From terrorist attacks in Britain to dramatic hearings in Washington, it's been tough to tear myself away from the news alerts crowding my iPhone screen with numbing regularity the past few weeks.
But during the two days we spent rambling through central Croatia's Plitvice Lakes National Park earlier this month, the outside world was all but washed away - thanks to a constant soundtrack of rushing water and verdant vistas that alternated between intimate and cinematic.
Created in 1949 and named a Unesco World Heritage site three decades later, the cascading chain of 16 lakes, streams and nearly 100 waterfalls known as Plitvice ("PLEET-veet-say") was formed by a type of porous limestone called travertine. Hikers cross-cross the liquid landscape via four-foot-wide wooden boardwalks - almost like walking on water - and are surrounded by a thick canopy of beech and spruce trees.
To be sure, our escape into nature didn't include an escape from fellow tourists. Like so many other destinations we visited in Croatia, Plitvice Lakes is suffering from visitor overload; Unesco warned park officials last year that nearby construction and excessive crowds of to 15,000 people a day could threaten its protected status.

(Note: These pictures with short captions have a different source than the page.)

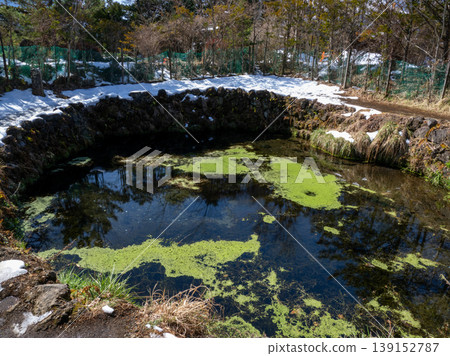 Water flowing in a stream in late autumn Water flowing in a stream in late autumn 139152787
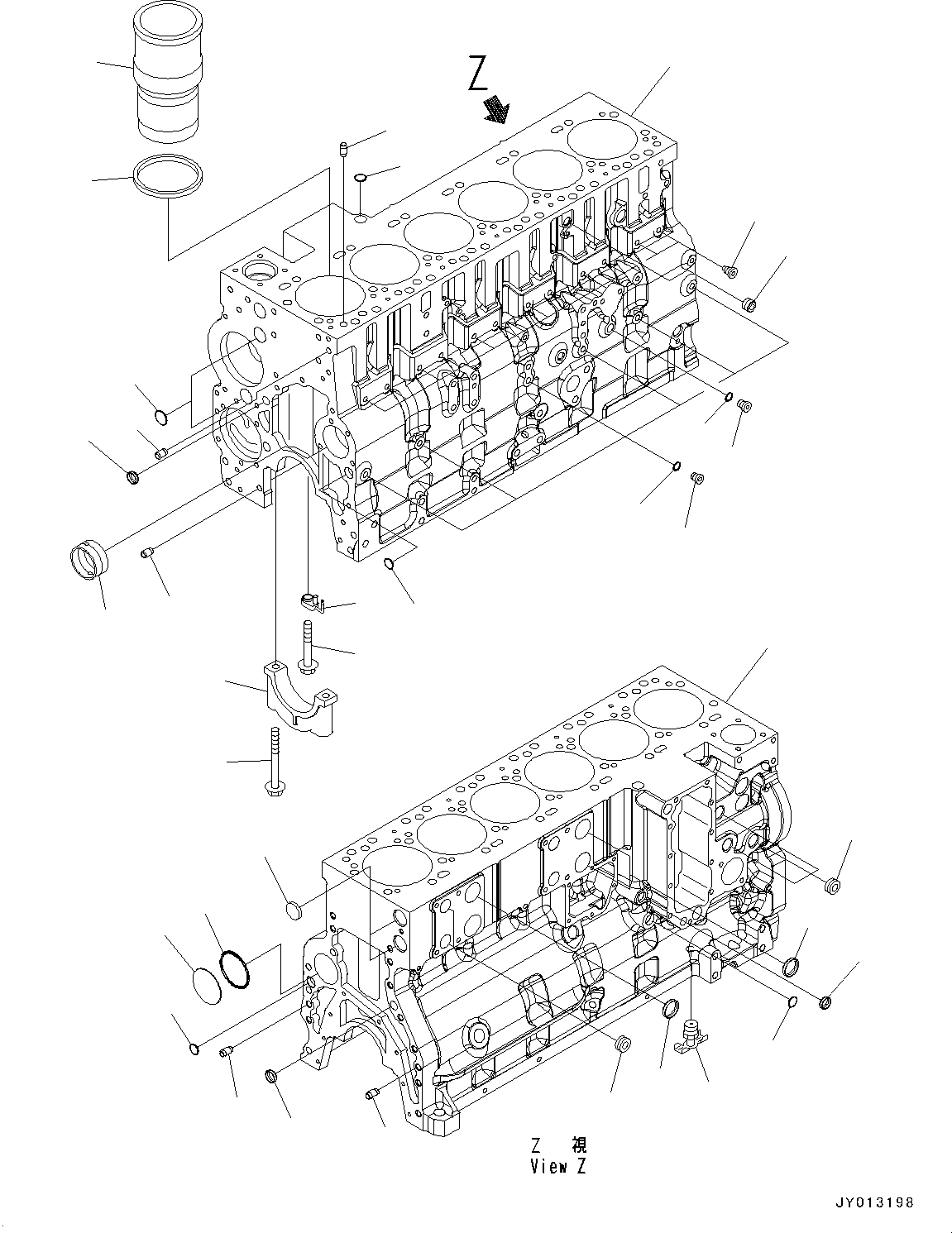 Engines Komatsu / SAA6D114E-3F S/N 26866736-UP (For PC300-8M0/PC300LC-8M0/PC350-8M0/PC350LC-8M0/PC390LC-8M0)(0000744C) / Cylinder Block (#26866736-)(B013001 : A2019-001001)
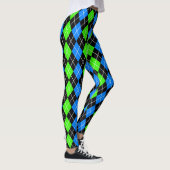Blauw Groen Zwart Argyle Diamant Design Leggings (Rechts)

We broke up our stay, and maximized our solitude, by hitting the park's Lower Lakes from 4 p.m. to closing time at 7 p.m., and the Upper Lakes as soon as the park opened at 7 a.m. But by mid-morning, the boardwalk jostling reminded me of D.C.'s Tidal Basin during the peak cherry blossom bloom - or the scrum of photographers at former FBI director James Comey's Congressional hearing.